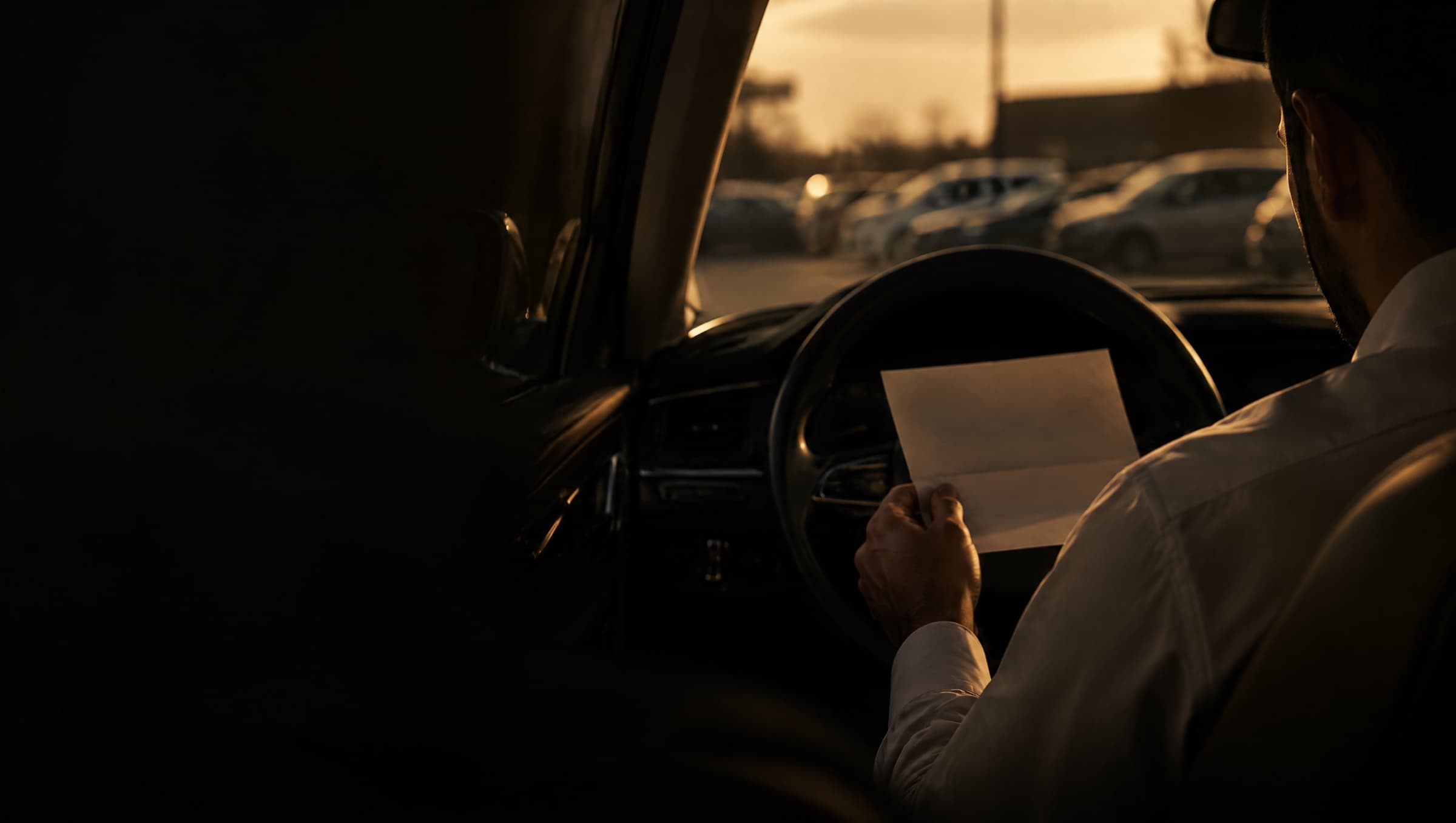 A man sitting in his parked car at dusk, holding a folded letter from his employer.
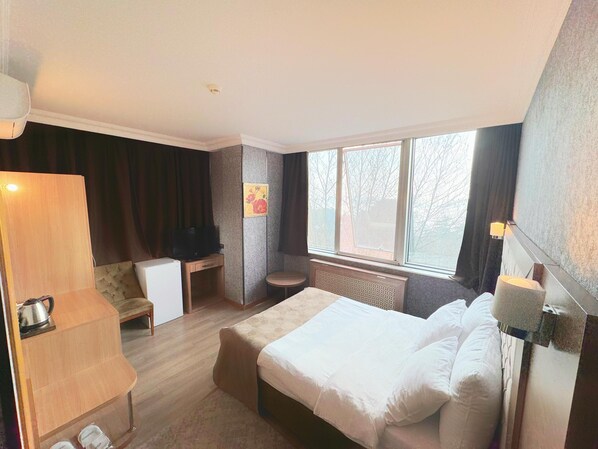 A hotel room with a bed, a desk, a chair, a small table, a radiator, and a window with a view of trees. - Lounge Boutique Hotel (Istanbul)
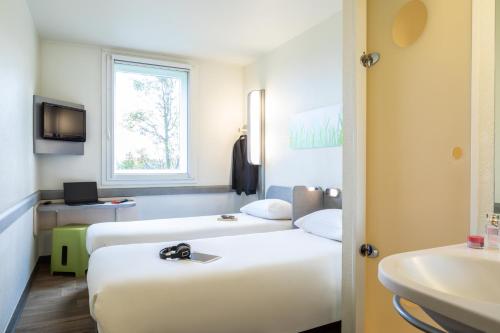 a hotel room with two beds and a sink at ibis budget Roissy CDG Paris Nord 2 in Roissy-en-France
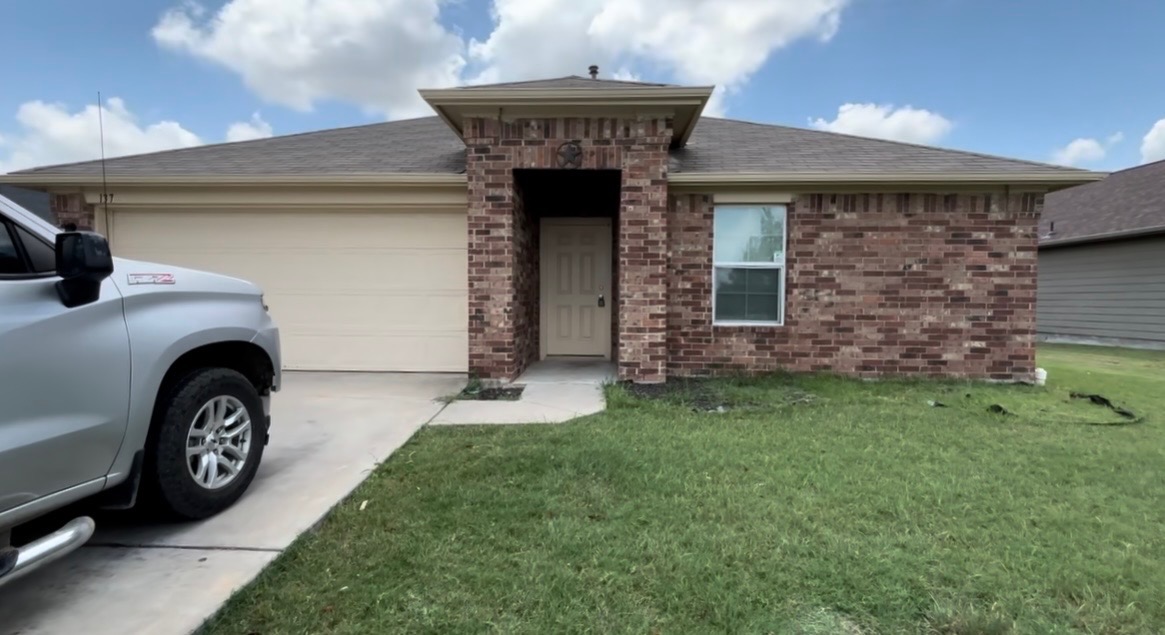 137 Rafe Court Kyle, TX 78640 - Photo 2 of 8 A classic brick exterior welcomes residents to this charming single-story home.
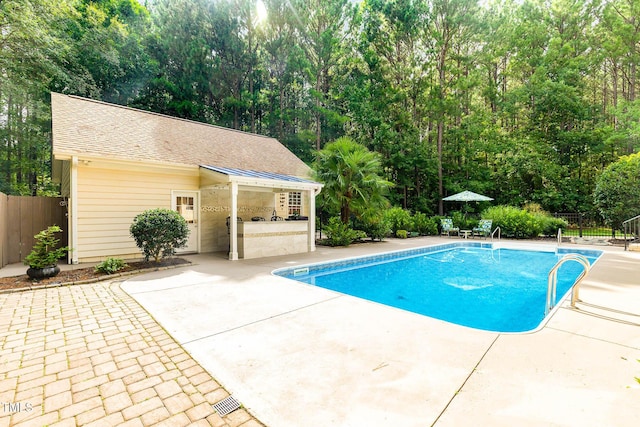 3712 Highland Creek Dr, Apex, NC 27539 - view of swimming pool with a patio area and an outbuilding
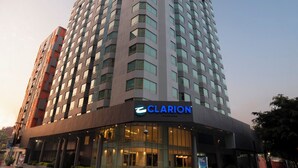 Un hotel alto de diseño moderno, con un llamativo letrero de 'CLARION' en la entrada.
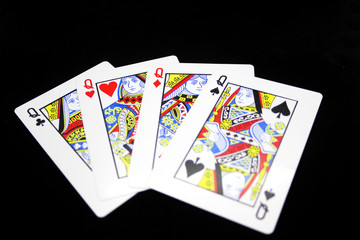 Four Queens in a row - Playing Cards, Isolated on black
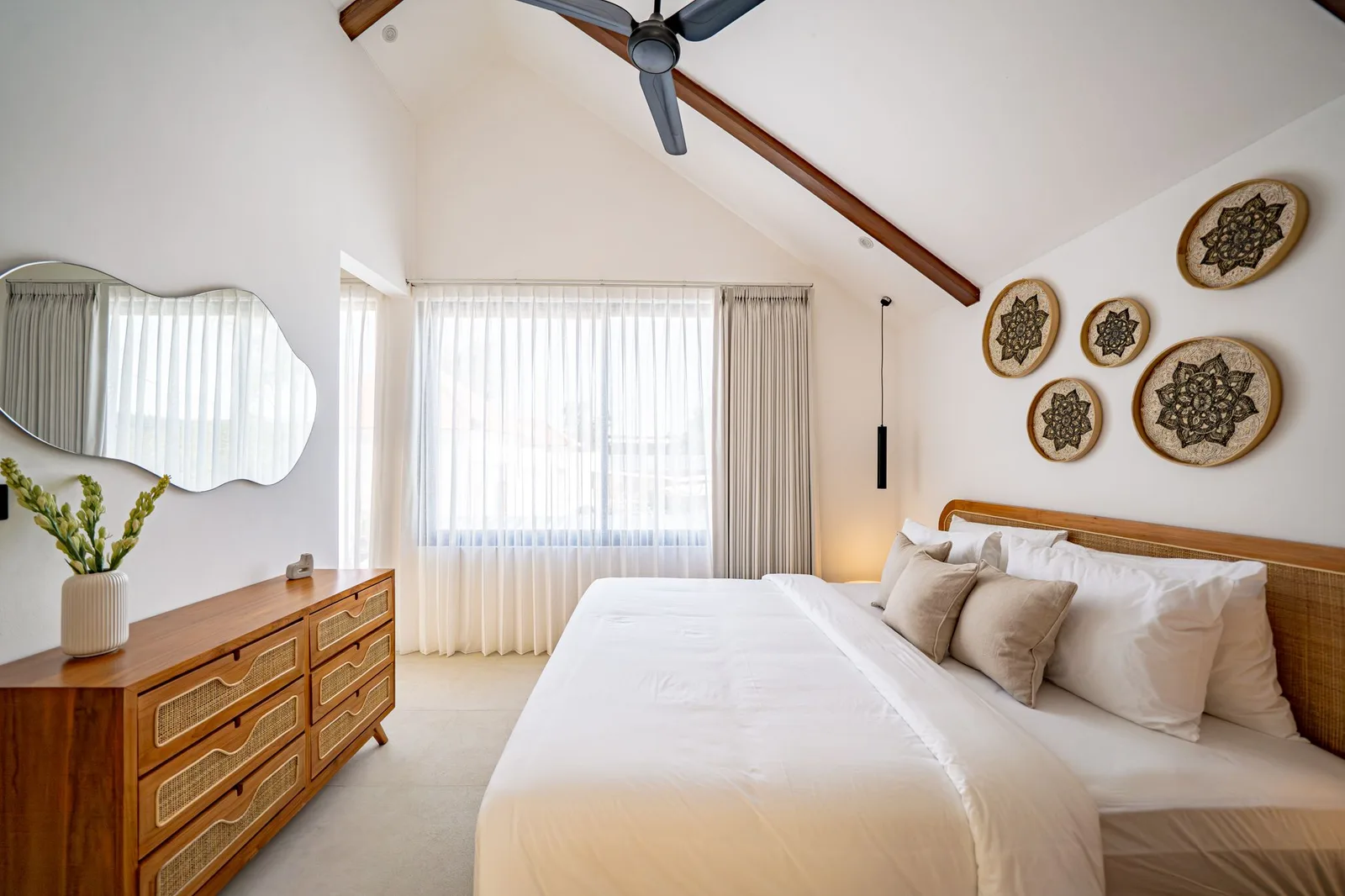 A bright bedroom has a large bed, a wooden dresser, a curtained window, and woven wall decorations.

§ **TASK BRIEF**:
Your answer must be the entries written out word for word, without their pictures.

§ **RESPONSE**:
 A man sitting in his parked car at dusk, holding a folded letter from his employer.
 A hotel room with a bed, a desk, a chair, a small table, a radiator, and a window with a view of trees. - Lounge Boutique Hotel (Istanbul)
 a hotel room with two beds and a sink at ibis budget Roissy CDG Paris Nord 2 in Roissy-en-France
 137 Rafe Court Kyle, TX 78640 - Photo 2 of 8 A classic brick exterior welcomes residents to this charming single-story home.
 3712 Highland Creek Dr, Apex, NC 27539 - view of swimming pool with a patio area and an outbuilding
 Un hotel alto de diseño moderno, con un llamativo letrero de 'CLARION' en la entrada.
 Four Queens in a row - Playing Cards, Isolated on black
 A bright bedroom has a large bed, a wooden dresser, a curtained window, and woven wall decorations.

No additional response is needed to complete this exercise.